§ **Stored data**
★ ★ ★ ★ ★

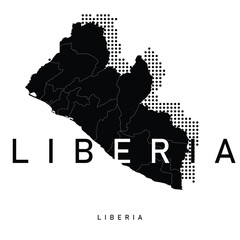 Liberia map illustration vector
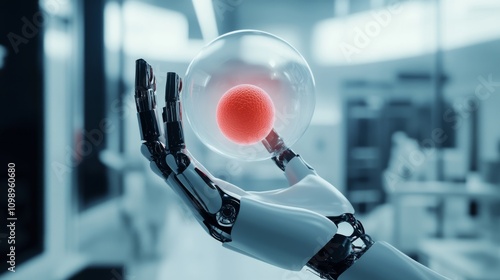 A futuristic robotic hand holding a glowing, translucent red blood cell, set against a sleek photo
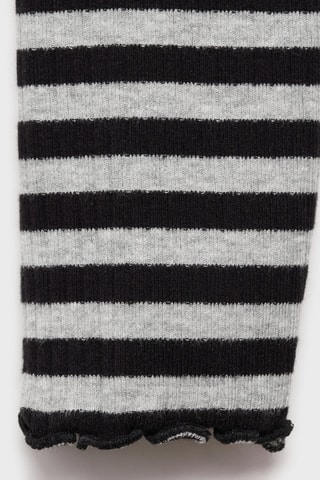 T-shirt à rayures côtelé - Gris foncé chiné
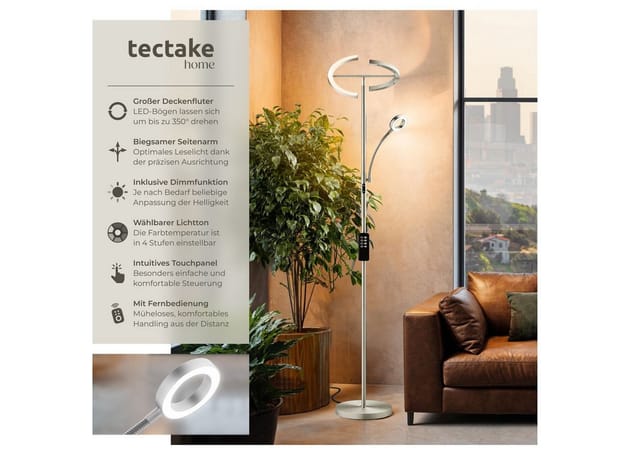 tectake® Deckenfluter, LED, 20 W, inklusive Leselicht 7 W, bewegliche LED-Bögen und Schwanenhals, 31,5 x 188 cm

★ ★ ★ ★ ★

§ **Goal of the exercise**
Once the pictures are set aside, restate the remaining data above exactly.

§ **Worked solution**
 Liberia map illustration vector
 A futuristic robotic hand holding a glowing, translucent red blood cell, set against a sleek photo
 T-shirt à rayures côtelé - Gris foncé chiné
 tectake® Deckenfluter, LED, 20 W, inklusive Leselicht 7 W, bewegliche LED-Bögen und Schwanenhals, 31,5 x 188 cm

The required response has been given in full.